Figure 1. Treprostinil MTD and tumor prevention study

Mice fed increasing doses of treprostinil in chow were weighed daily (A) for 3 weeks, and 28.8 mg/kg was determined to be the maximum tolerated dose (MTD). Treprostinil in chow (28.8 mg/kg chow) was administered 1 week before (early treatment, ET) or after 6 weeks after (late treatment, LT) urethane exposure, and tumor number (B), burden (C), and diameter (D) were measured in mice harvested 16 weeks after urethane exposure. Weight gain was similar between groups (E). Plasma treprostinil levels were measured in each group (F) at harvest and consistent levels were found in each treprostinil treated group

Figure 2. FACs analysis of lymphocytes

Lower right lobe digests from each lung were incubated with fluorescent antibodies against CD3, CD4, and CD8. Using FlowJo software, live cells were gated and doublets excluded on forward scatter (FSC) and side scatter (SSC). CD3⁺ cells were separated into CD4⁺ and CD8⁺ cells (A) for the Urethane and ET groups (LT results were indistinguishable from ET results). Total CD4⁺ and CD8⁺ cells/lobe were quantitated and results graphed in (B). **p < 0.01 vs. Urethane group.

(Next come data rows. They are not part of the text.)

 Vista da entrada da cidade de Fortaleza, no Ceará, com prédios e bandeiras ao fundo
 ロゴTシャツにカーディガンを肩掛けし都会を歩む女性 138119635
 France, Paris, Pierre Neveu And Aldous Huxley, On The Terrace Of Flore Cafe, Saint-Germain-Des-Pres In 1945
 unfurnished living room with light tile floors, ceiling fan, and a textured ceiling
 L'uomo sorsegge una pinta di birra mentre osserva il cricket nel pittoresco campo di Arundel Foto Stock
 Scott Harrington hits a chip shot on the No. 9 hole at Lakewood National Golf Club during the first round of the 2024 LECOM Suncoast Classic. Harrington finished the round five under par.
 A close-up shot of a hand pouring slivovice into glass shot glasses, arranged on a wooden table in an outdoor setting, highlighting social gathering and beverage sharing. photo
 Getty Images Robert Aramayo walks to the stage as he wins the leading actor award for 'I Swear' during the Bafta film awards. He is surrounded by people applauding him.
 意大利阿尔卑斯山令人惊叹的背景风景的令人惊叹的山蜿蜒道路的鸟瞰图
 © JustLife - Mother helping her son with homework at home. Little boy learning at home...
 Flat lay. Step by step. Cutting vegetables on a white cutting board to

Figure 3. FACS analysis of macrophage and neutrophil populations

Lower right lobe digests from each lung were incubated with fluorescent antibodies against MHCII, Ly6G, CD11c, CD11b, and F4/80. Using FlowJo software, live cells were gated, followed by doublet exclusion on forward scatter (FSC) and side scatter (SSC). Macrophages were identified as a CD11c^hiCD11b^varF4/80^hi subset including resident alveolar macrophages and recruited alveolar and interstitial/tissue macrophages and a CD11c^midCD11b^hiF4/80^loLy6G⁻ subset. Neutrophils were identified as CD11b^hiCD11c⁻Ly6G⁺ cells, (A) Urethane group and (B) Urethane ET group (results from LT mice were indistinguishable from those of ET mice). (C) Average total macrophage subsets and neutrophils/lobe were calculated for each group and results are graphically represented. *p<0.05 vs. Urethane group.

Figure 4. CXCR4 expression increases in lung tissue from tumor-bearing, treprostinil-treated mice

RNA was isolated from lung tissue after tumors had been removed. CXCR4 message was reversed transcribed and measured by qPCR, and relative amounts were compared using the ΔΔCT method. Differences were detected by one-way ANOVA followed by Dunnett post hoc analysis; *p < 0.05.

Figure 5. PGE2 and treprostinil increase proliferation of mouse lung adenocarcinoma cells in vitro but not in vivo

JF32 mouse lung adenocarcinoma cells were serum-starved for 24 h prior to incubation with increasing doses of PGE2 (A) or treprostinil (B) in serum-free media. Cells were harvested by trypsinization and counted; *p < 0.05 vs control. (C) Iloprost pre-treatment prevented PGE2 and treprostinil-mediated increases in JF32 cell proliferation; ***p < 0.01 vs. PGE2 or treprostinil alone. Graphs represent 2 independent experiments with at least 3 samples/group in each experiment. (D) Ki67⁺ staining was used to generate a proliferative index (E). Ki67 nuclear staining (red arrowhead) was counted in each tumor. Area of each tumor was determined using CellSens Entry software, and the number of Ki67⁺ nuclei/mm₂ tumor was determined in each group. No differences were detected between treatment groups.